With “Robo-advice” the buzzword in Financial Services at the moment and #Fintech all the rage on Twitter from people who struggle to turn on a computer masquerading as “experts”, we thought we would begin a series of blogs on this very subject by someone who actually knows and understands technology, Coreco’s very own MD Matt Lowndes.
Over to you Matt.
In the past seven days, I have attended the British Mortgage and Protection Senate and the IMLA Great Mortgage Debate and the buzzword has been ‘Digital Disrupters’.
So is a computer going to replace the human? To say it won’t ever happen is naïve. It might.
Elon Musk has Californians sitting in his battery-powered driverless cars, EasyJet has online check-in and fully automated self-service bag drop machines and Sainsbury’s let me pay and check out myself. The last two examples show the consumer is ready for change and that’s the important point here; the consumer is adapting and in some instances driving the change.
We all know the nonsense we have to undertake to carry out a mortgage transaction, it is farcical. Data capture, paperwork, identification, budget planners and stamping numerous documents. This isn’t how it is meant to be, surely?
The competition is working hard to take a slice of the mortgage cake and make things slicker, easier and above all faster.
So who is the competition? Start-ups like Habito, Trussle and Dwell or Santander with their 30-minute remortgages service? Ultimately, the customer will decide who the winners in this particular battle are, or if they are happy to fill out a 20-page paper document then great. But I bet they’d actually rather use drop down’s, pre-population, electronic verification and budget planners that automatically categorise their spending habits.
My view is that technology is here to help and assist the customer journey, I’m not that bothered at the moment if an AI supercomputer is quicker at sourcing a mortgage than a professional mortgage broker, but I am bothered about the service that underpins what we do as an industry. It’s a £220bn market and in lots of places it is a cumbersome and unwieldy beast and that has to change.

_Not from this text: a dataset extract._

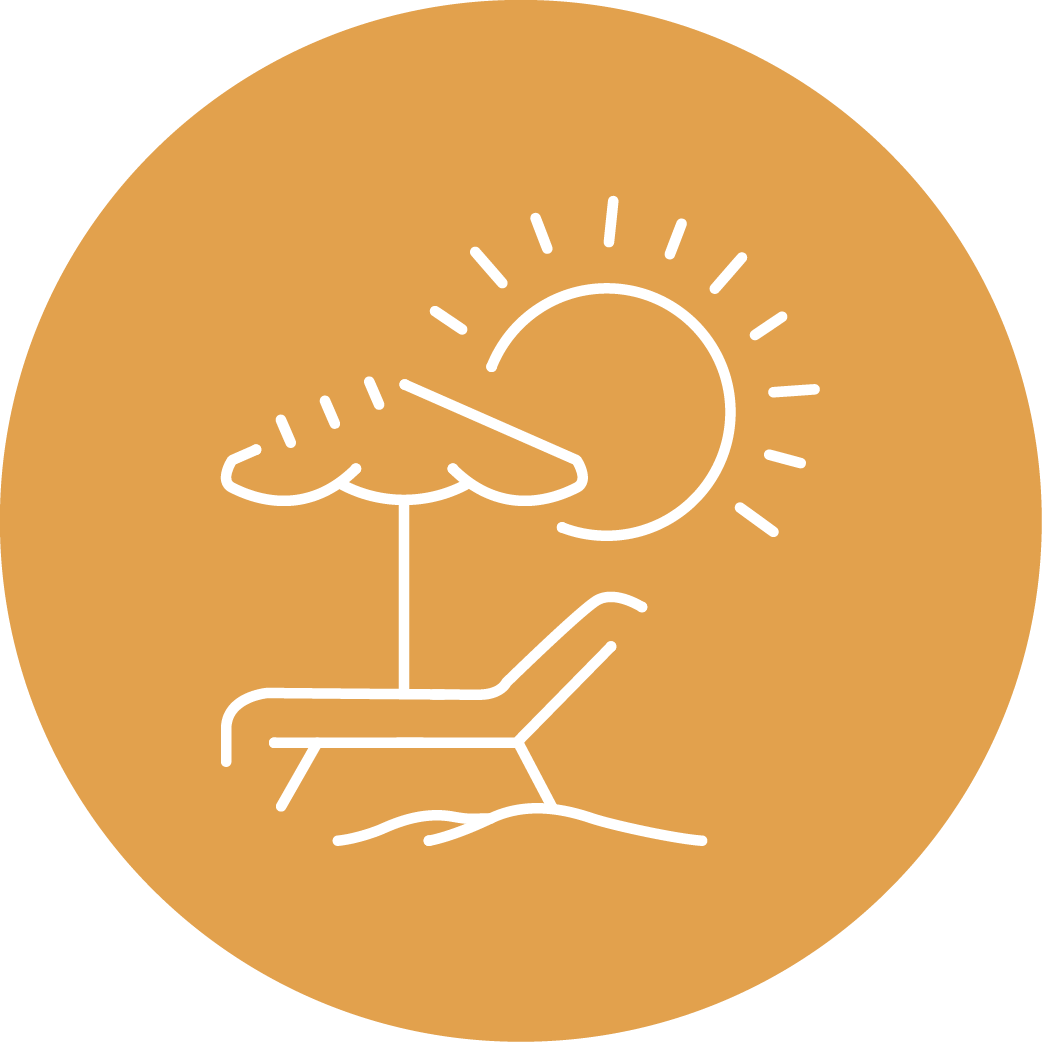 Icon einer Sonnenliege mit Sonnenschirm und Sonne als Symbol für die Vereinbarkeit von Beruf und Privatleben sowie Erholung und Ausgleich.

Digital Darwinism means we need to adapt, we might not die, but I don’t want to take a chance on Coreco becoming a Blockbuster or Kodak. We are spending on our technology platform with the sole intention of making life easier for our clients and that of the great people we have at Coreco who provide it.
So let’s all give the customer what they want. Professional advice backed by brilliant, innovative and outrageously good service.
Matt Lowndes is the Managing Director of Coreco and a self-confessed techie.